▶ Prompt: Repeat the data exactly. Pictures stay out.

[Crawled caption data]
══════════

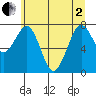 Mailboat Slough tide chart for Monday, June 2, 2025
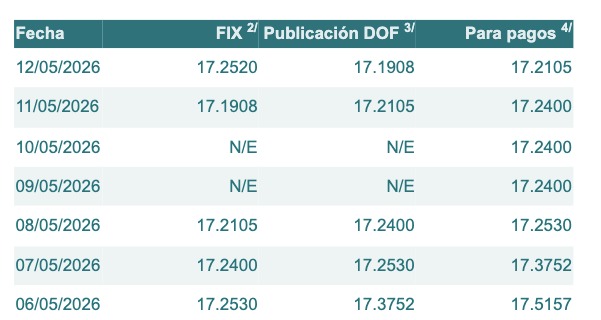 Tabla con información del tipo de cambio para solventar obligaciones denominadas en dólares de los EE.UU., durante los últimos 7 días.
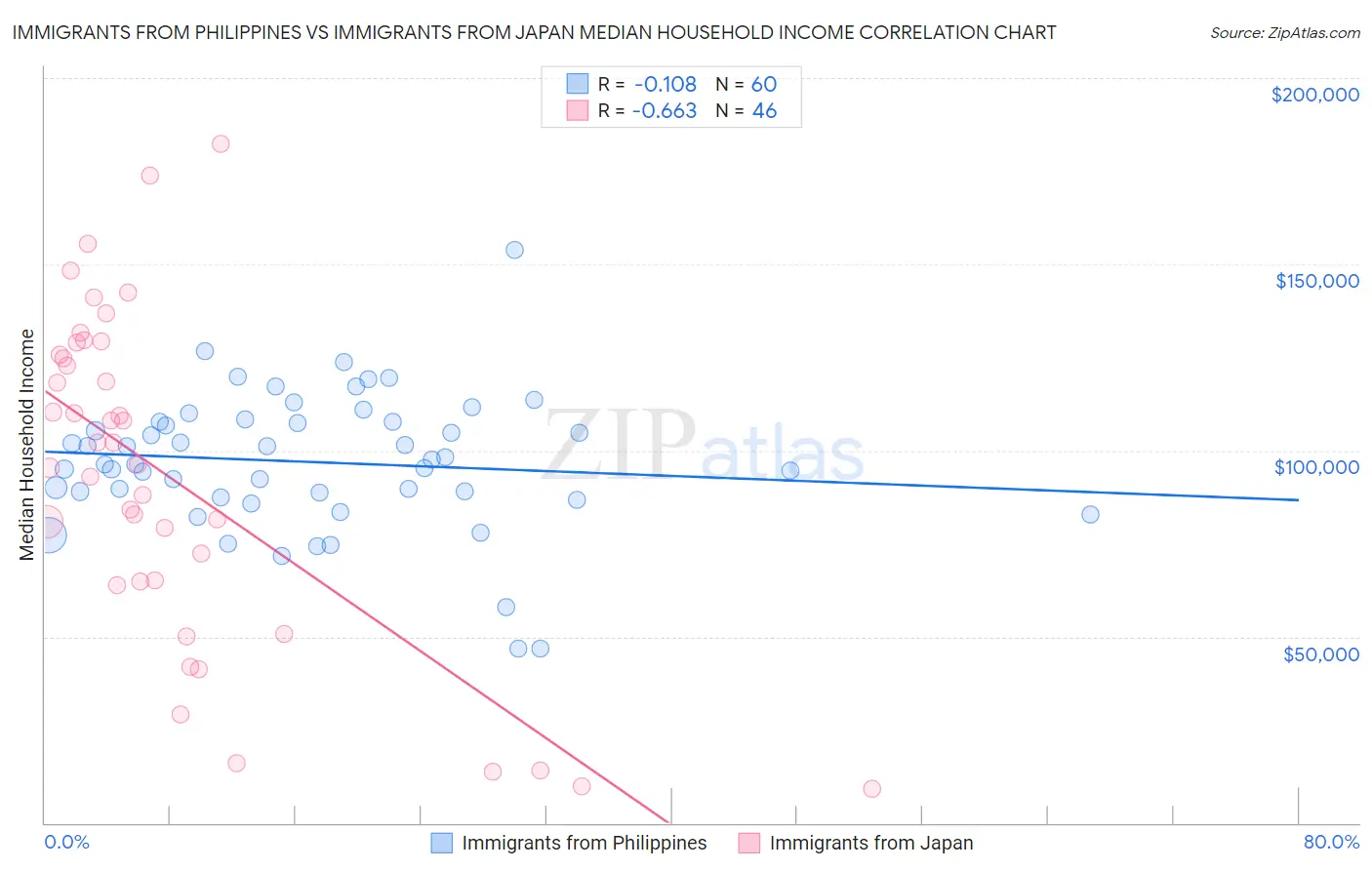 Immigrants from Philippines vs Immigrants from Japan Median Household Income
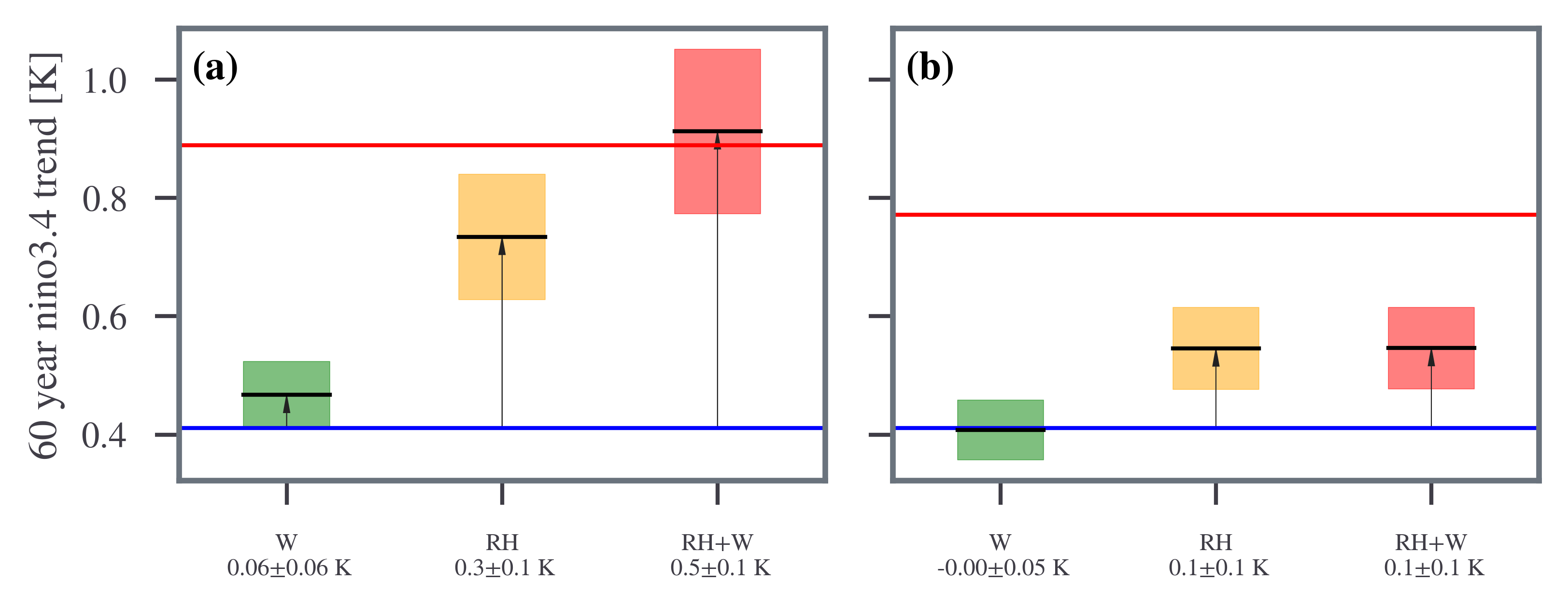 ../_images/notebooks_analyse_results_33_2.png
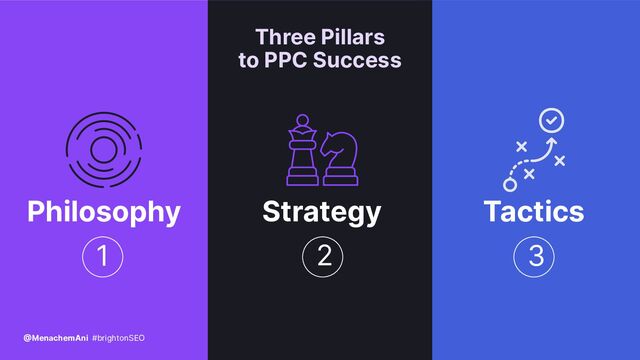 @MenachemAni #brightonSEO
Three Pillars
to PPC Success
Philosophy Strategy Tactics
1 2 3
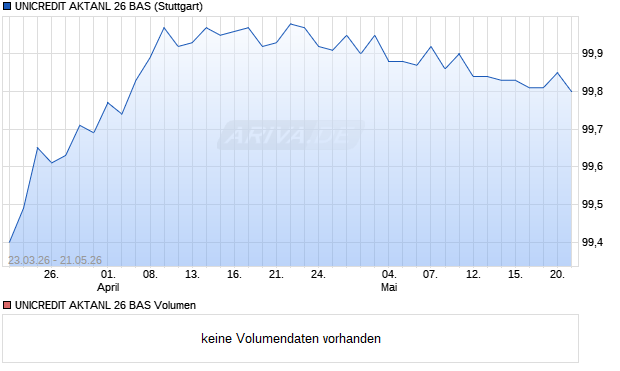 UNICREDIT AKTANL 26 BAS Aktie Chart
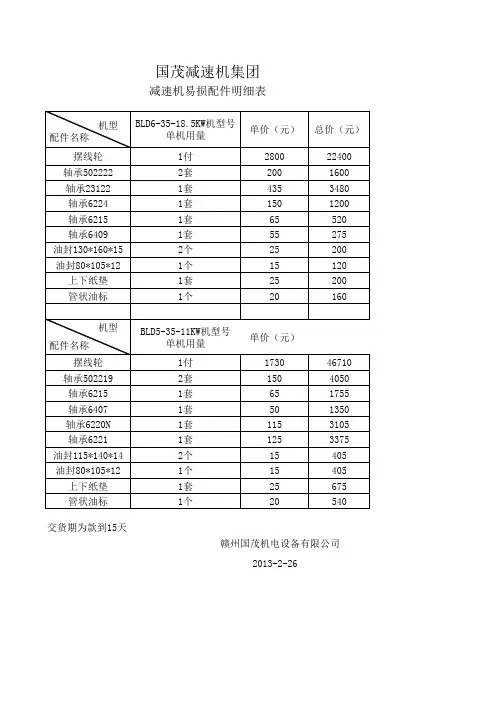 国茂减速机易损件明细表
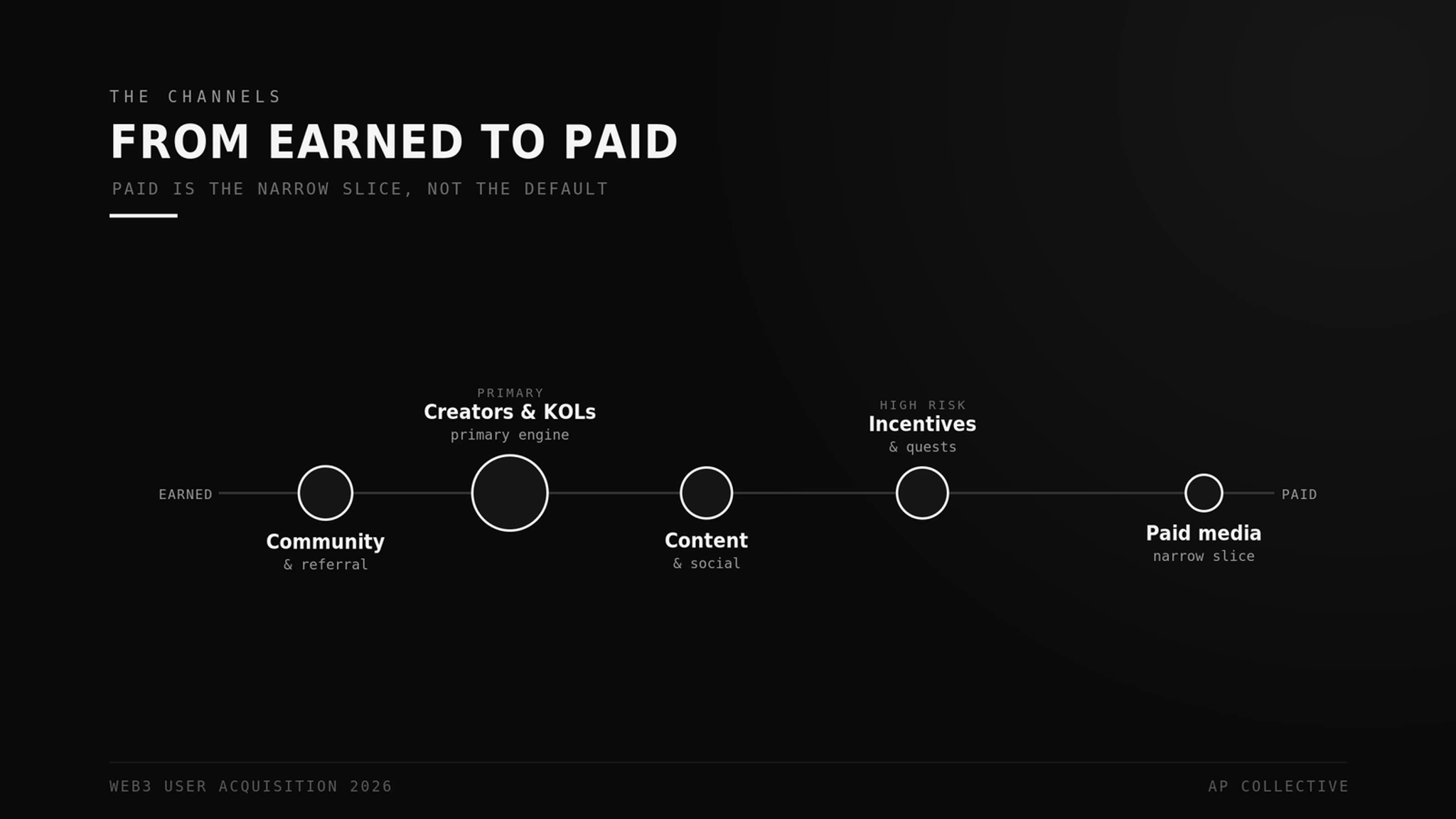A spectrum from earned to paid channels, with creators and KOLs as the largest node and paid media as the smallest, narrow slice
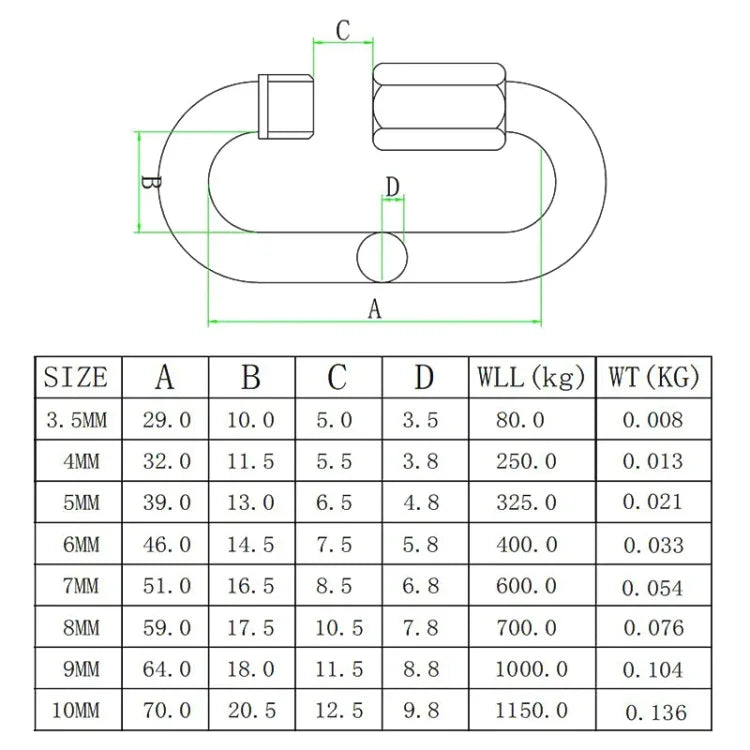 Khóa vòng kết nối nhanh bằng thép không gỉ 304, 5 cái 3.5mm, 5 cái 4mm, 3 cái 5mm, 3 cái 6mm, 2 cái 7mm, 2 cái 8mm, 9mm, 10mm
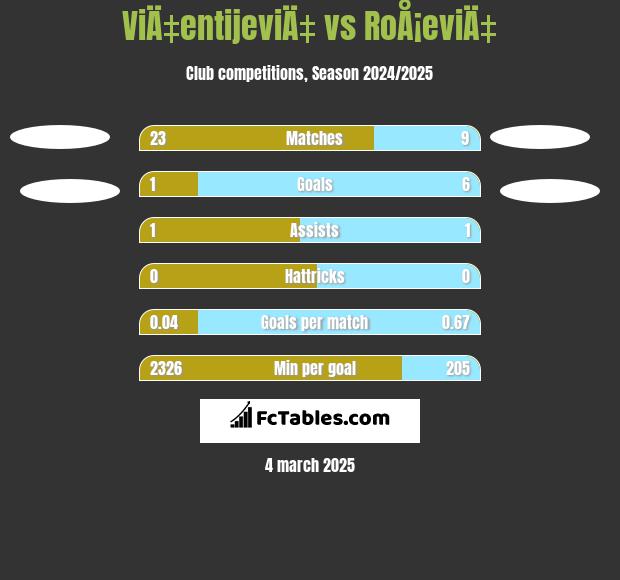 ViÄ‡entijeviÄ‡ vs RoÅ¡eviÄ‡ h2h player stats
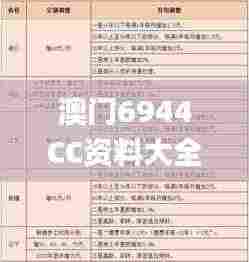 澳门6944CC资料大全,综合计划评估_抓拍版YHX62.820
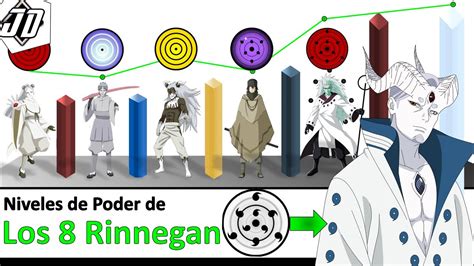 Comparación de la pérdida de poder del Rinnegan con y sin tomoes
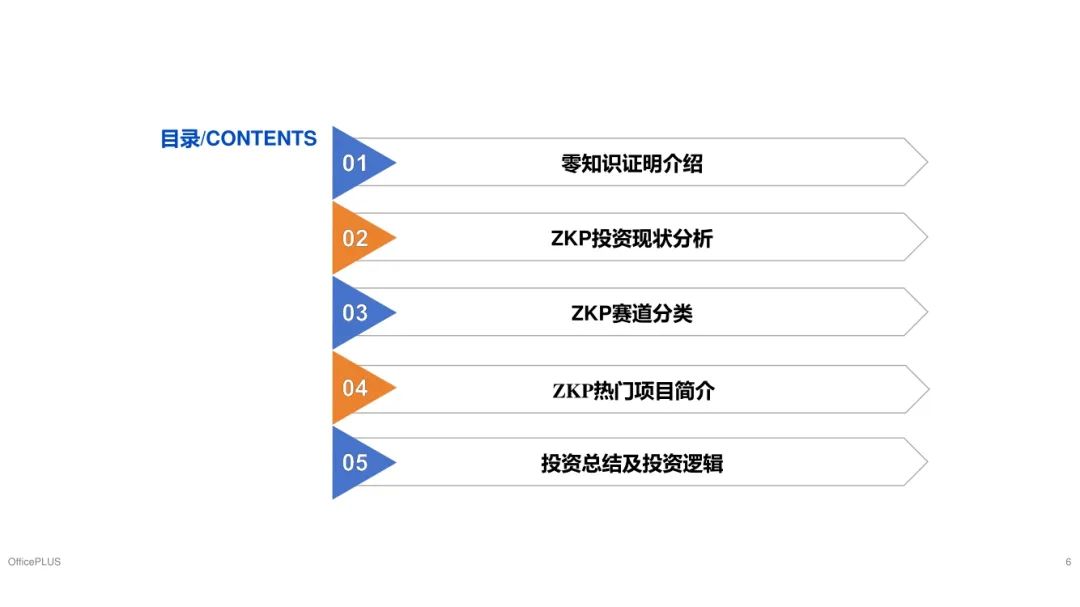 ArkStream Capital：零知识证明行业研究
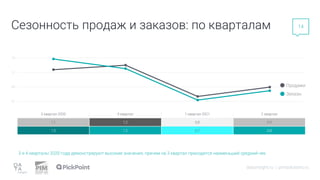 datainsight.ru | pimsolutions.ru
Сезонность продаж и заказов: по кварталам 14
0,7
0,9
1,1
1,3
Продажи
Заказы
3 и 4 кварталы 2020 года демонстрируют высокие значения, причем на 3 квартал приходится наименьший средний чек.
3 квартал 2020 4 квартал 1 квартал 2021 2 квартал
1,1 1,2 0,8 0,9
1,3 1,2 0,7 0,8
 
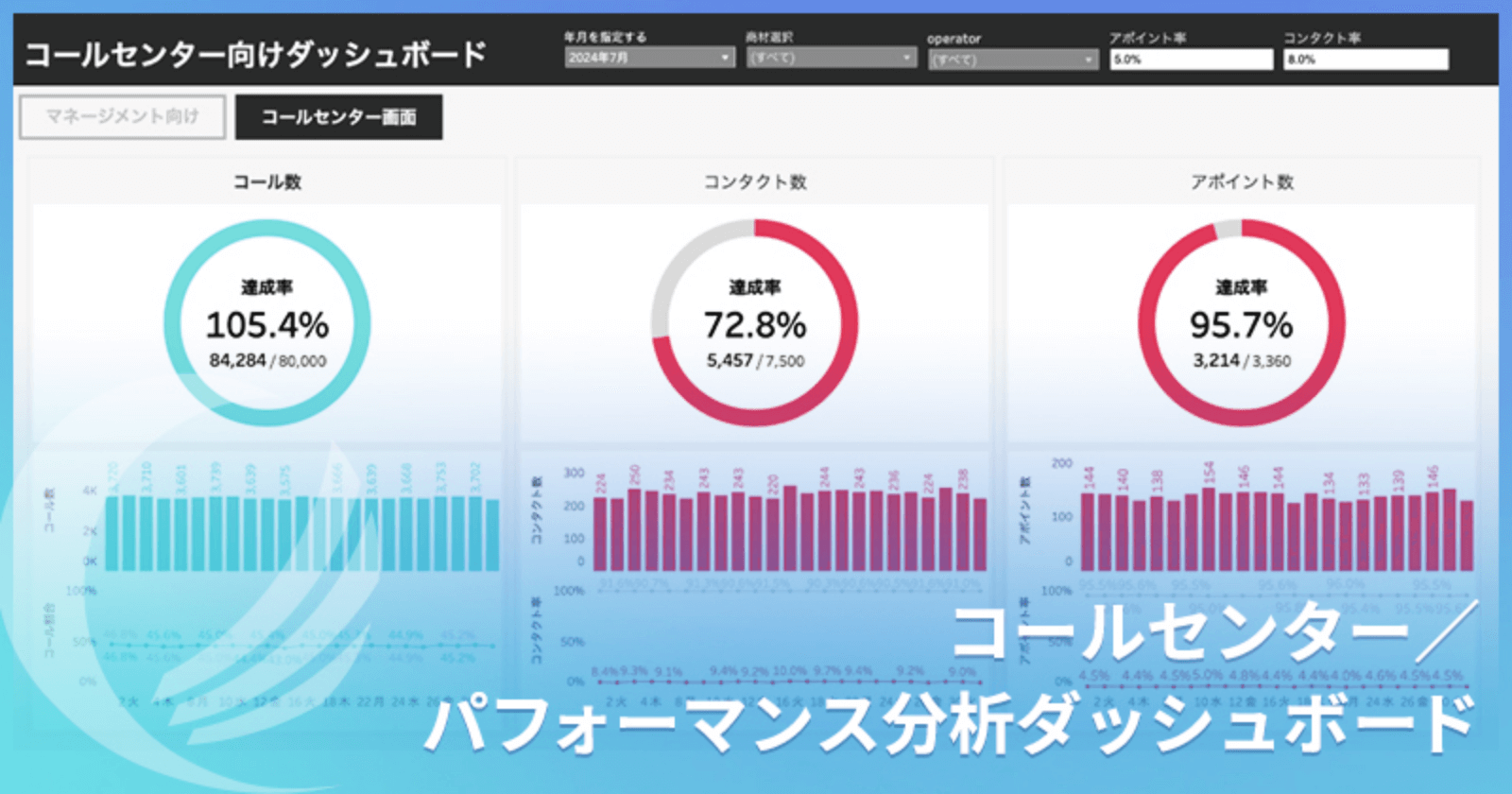 Tableau構築ストーリーのイメージ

══════════

▶ Answer area:
 Mailboat Slough tide chart for Monday, June 2, 2025
 Tabla con información del tipo de cambio para solventar obligaciones denominadas en dólares de los EE.UU., durante los últimos 7 días.
 Immigrants from Philippines vs Immigrants from Japan Median Household Income
 ../_images/notebooks_analyse_results_33_2.png
 @MenachemAni #brightonSEO
Three Pillars
to PPC Success
Philosophy Strategy Tactics
1 2 3
 UNICREDIT AKTANL 26 BAS Aktie Chart
 国茂减速机易损件明细表
A spectrum from earned to paid channels, with creators and KOLs as the largest node and paid media as the smallest, narrow slice
 Khóa vòng kết nối nhanh bằng thép không gỉ 304, 5 cái 3.5mm, 5 cái 4mm, 3 cái 5mm, 3 cái 6mm, 2 cái 7mm, 2 cái 8mm, 9mm, 10mm
 ViÄ‡entijeviÄ‡ vs RoÅ¡eviÄ‡ h2h player stats
 澳门6944CC资料大全,综合计划评估_抓拍版YHX62.820
 Comparación de la pérdida de poder del Rinnegan con y sin tomoes
 ArkStream Capital：零知识证明行业研究
 datainsight.ru | pimsolutions.ru
Сезонность продаж и заказов: по кварталам 14
0,7
0,9
1,1
1,3
Продажи
Заказы
3 и 4 кварталы 2020 года демонстрируют высокие значения, причем на 3 квартал приходится наименьший средний чек.
3 квартал 2020 4 квартал 1 квартал 2021 2 квартал
1,1 1,2 0,8 0,9
1,3 1,2 0,7 0,8
 
 Tableau構築ストーリーのイメージ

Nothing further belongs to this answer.